The moving van pulled away from our Indy house on Thursday at about 4:30, leaving us with an empty house and waiting for a plumber – foibles of the movers which felt huge when it happened and now just a blip to the day. It was a very long day. The promised half day of getting our household stuff on the truck stretched into an entire day – 9 to 4:30 – now, tell me they get paid by the hour! We were their only pick up and transport for this trip to Madison, and I think they wanted to get a full day of work in.
The Indy house looked lovely stripped of all our things. I have spent five months de-cluttering and putting stuff in storage, and then packing to observe the house being washed of our presence. It has been. Not our spirits completely – there is paint on walls, finishing on cabinets, tile on walls and floors, all those plants, and our fish. We are still in the air. I could not take the fish – some were born in that pond and have no recollection of being cheap feeder fish awaiting death. They are wild and free – to the extend that a 6 x12 pond is the wild and free. I have no asked and the new owners have no said if they will keep the pond or fill it in, but I have to leave my wild gold fish to their fate.
Suffice it to say that we staggered (by car of course) to Marcia's house for a glass of wine, take out chinese and ice cream. Then we fell into our beds and slept heavy and deep, even the spicy dragon.
On Friday morning, David went to the Indiana State House to meet with his old cronies, and Julia and I stayed at Marcia’s house packing up the car and readying ourselves for the closing at 3. The plan was to leave from the closing around 4 and start driving to Madison if all went quickly and well. We were armed with a back up plan of spending another night if there were some other blips which by this time we have gotten very accustomed to on this move.
Ach! The closing. I am SO judgmental! I didn’t like our buyers. I wonder if we would have been able to sell the house to these people without an agent. There was a lot of hand holding that their agent was doing with them and lots of solicitous behavior from our agent.
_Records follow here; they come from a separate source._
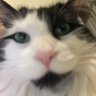 sleeping's profile picture
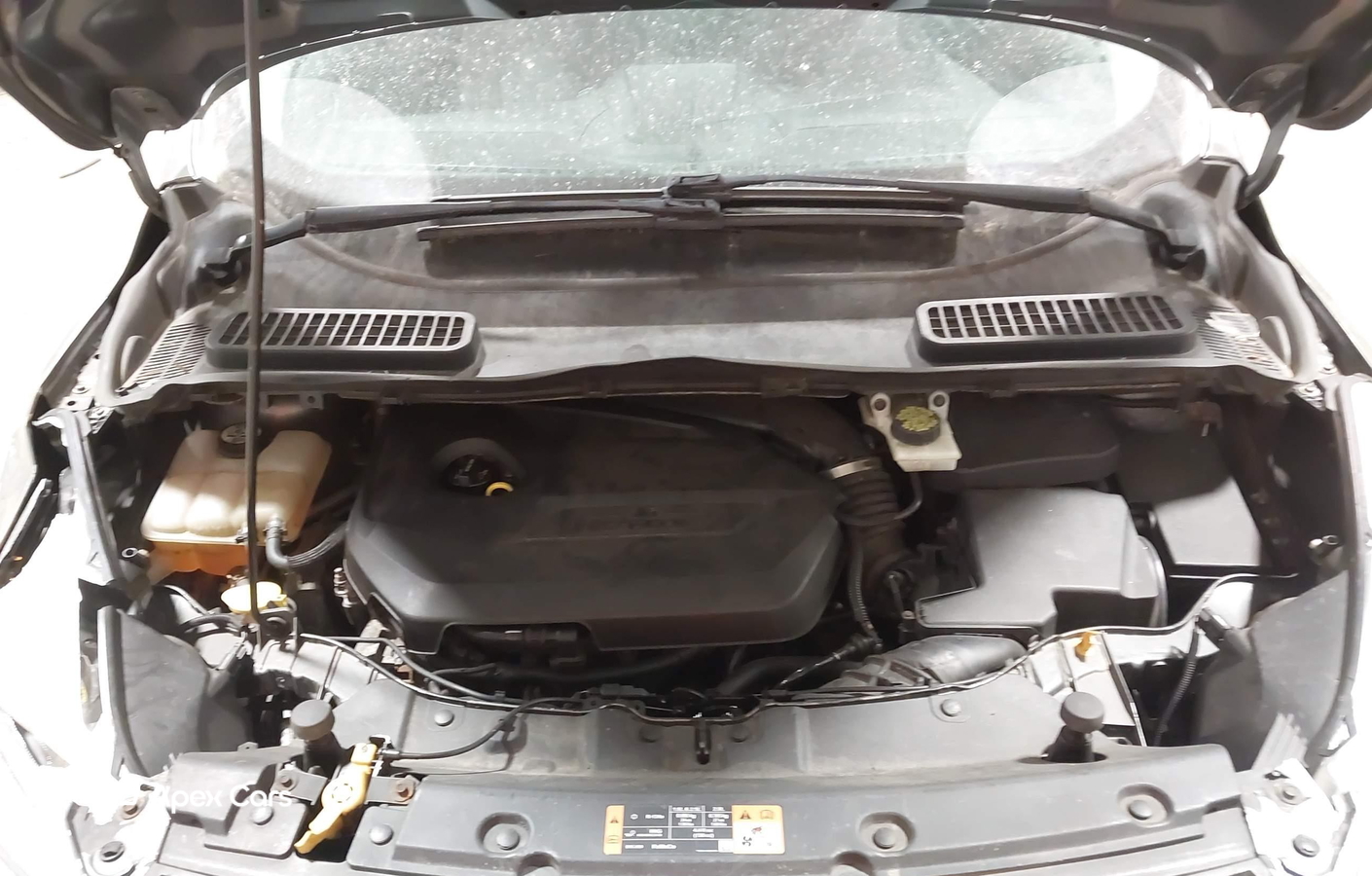 Ford Escape 2014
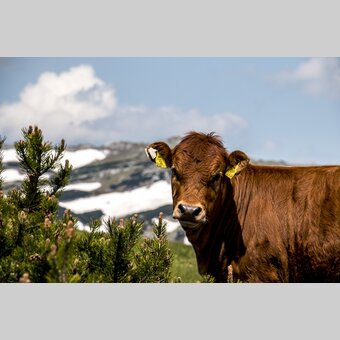 Aflenzer Bürgeralm | © STG | Gleichweit-Nistelberger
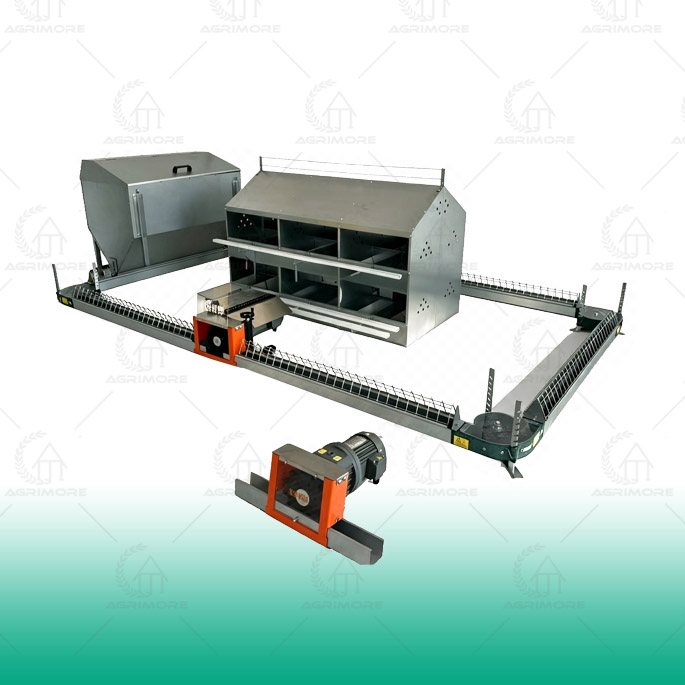 Chicken Farming Chain Feeding Line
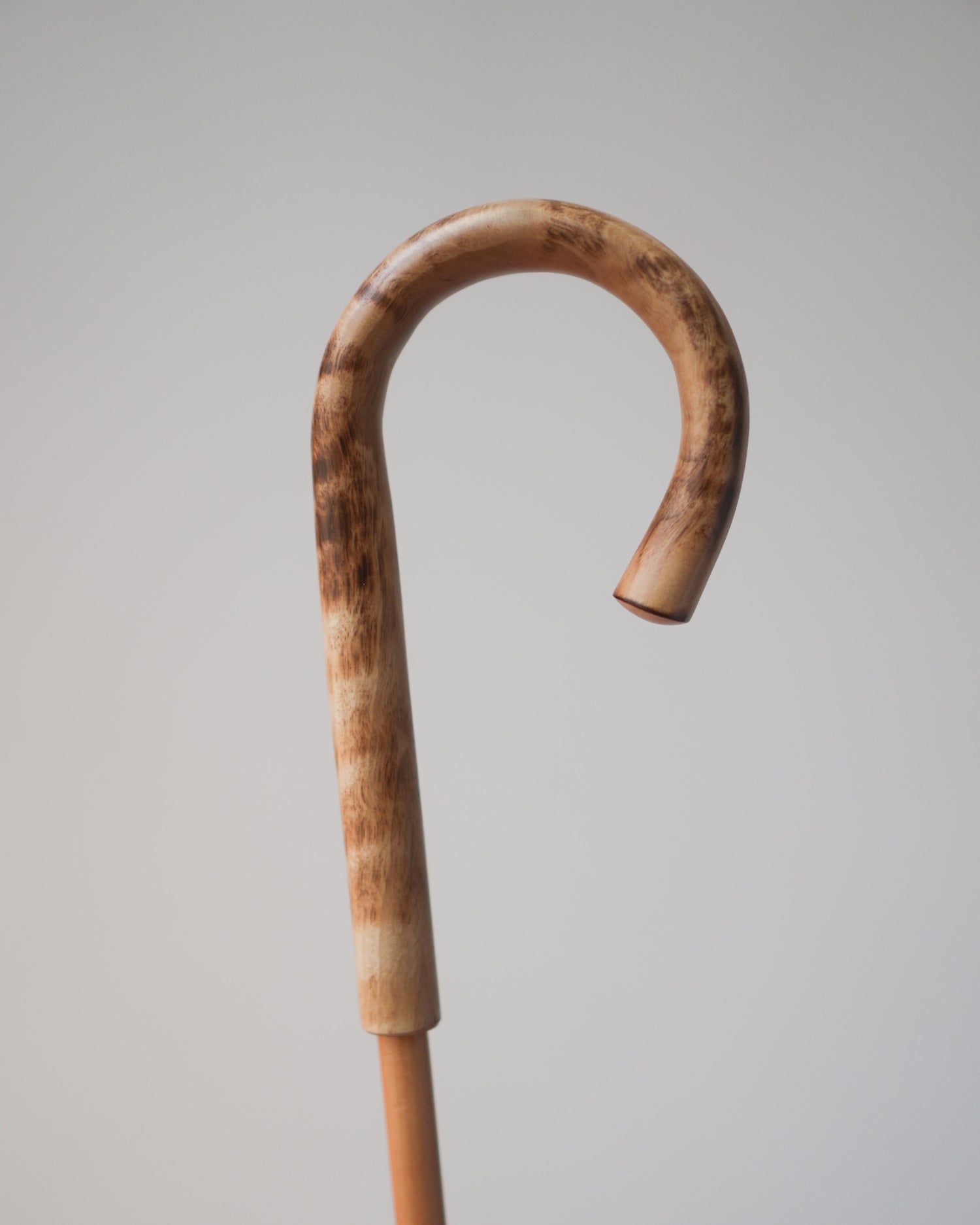 ボーダー フラワー 長傘 50cm 8本骨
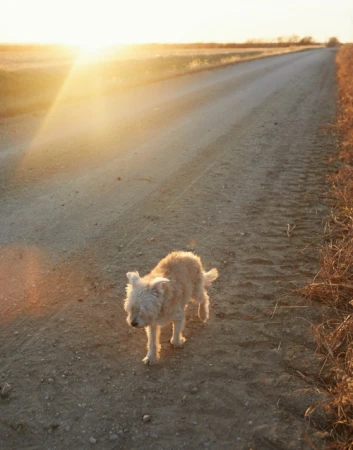 A small shaggy dog walking on a dirt road during a bright sunset with warm golden hour light.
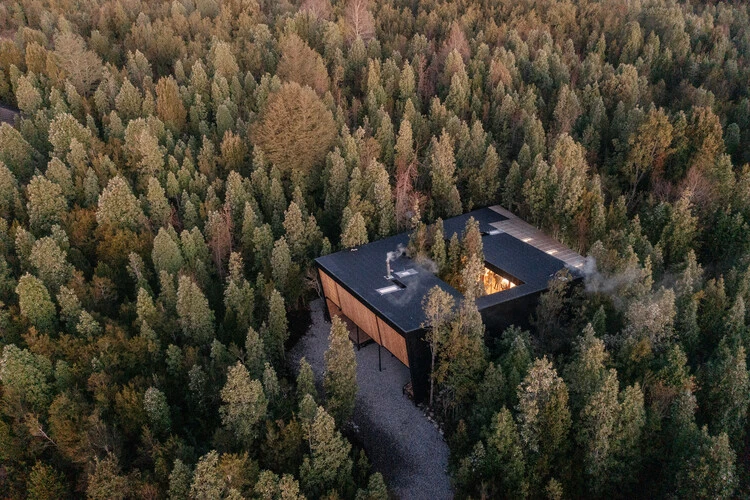 Casa un patio / Lucas Maino Fernandez - Fotografía exterior, Bosque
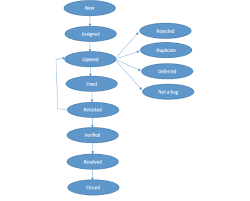 Defect Tracking Process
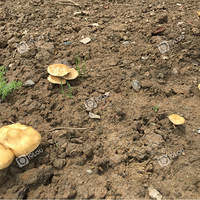 ����ʲôĢ������֪������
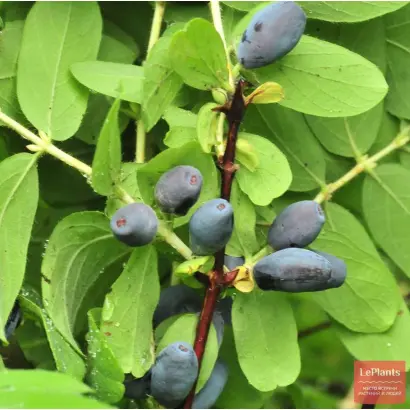 КРАСНОЯРОЧКА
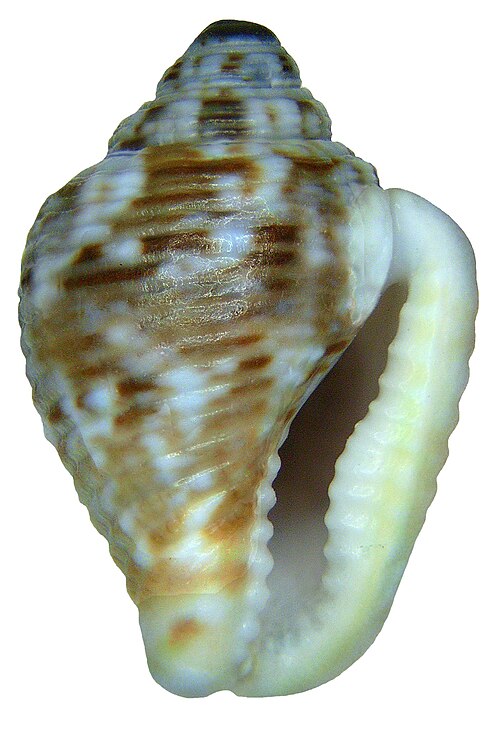 File:Columbella mercatoria (Linné, 1758) (4334061923).jpg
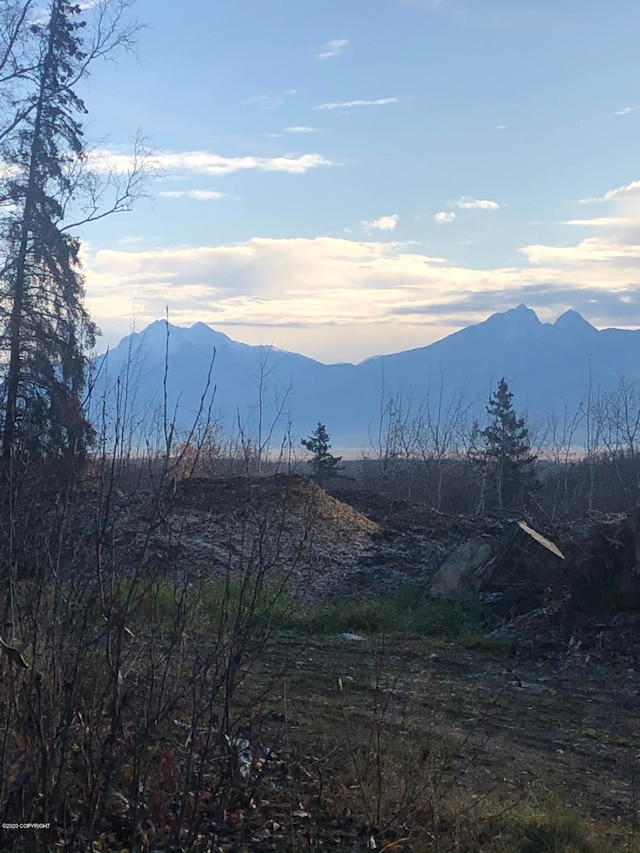 Listing photo 3 for 5560 W Birch Harbor Dr, Wasilla AK 99623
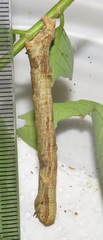 Colocleora divisaria divisaria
I thought they were foolish and arrogant -- they were young but youth has nothing to do with their stance, I expect they will be the same at 70. They had a first and second mortgage on their first house and took the same on our house. They used a balloon first mortgage that has gotten so many into trouble this year. I wonder if our house will be on the market again within a year or two. They may just be investing and fixing up for re-sale. I have to grudgingly admire their nerve in this market if that is their plan. If they are just stretching themselves very thin, I see them as only foolish.
Something that distressed me was that they asked nothing about the house – its history, who lived there before we did, what we did, what others did, questions about the garden. Is it my own longing for history and roots that extend further than I can know, or some form of ego? To be able to explain all of our work, or how the garden developed for me. I don’t really know. But it saddened that the young family moving into our beloved house would have no stories to pass on. Then again, most developers pass on nothing about the corn field that they turned into a neighborhood. Our neighbor, Katherine, said, after I explained some of our dealings and bargainings, that this new family does not sound like they will fit into an old house. Possibly. But it is done.
Something I discovered only after we were a day in Madison — I forgot to dig up St. Joseph. I intended to and intended to bring him to Madison, but maybe he has work to do in Indy. Still, I felt like there was a promise broken. Sorry, St. Joe.
We drove up to Madison after the closing. It was the easiest six hours I’ve spent in a car in a long time. Fueled by adrenalin, we practically flew up – not fast, but it was a pretty easy ride even through Chicago.
And here we are! Madison. We all slept hard and long. We had a very slow day on Saturday and I expect that we will have another one Sunday. I grieve a little bit about the dear friends left in Indy. I hope to be in touch. Email and cell phones are wonderful at that.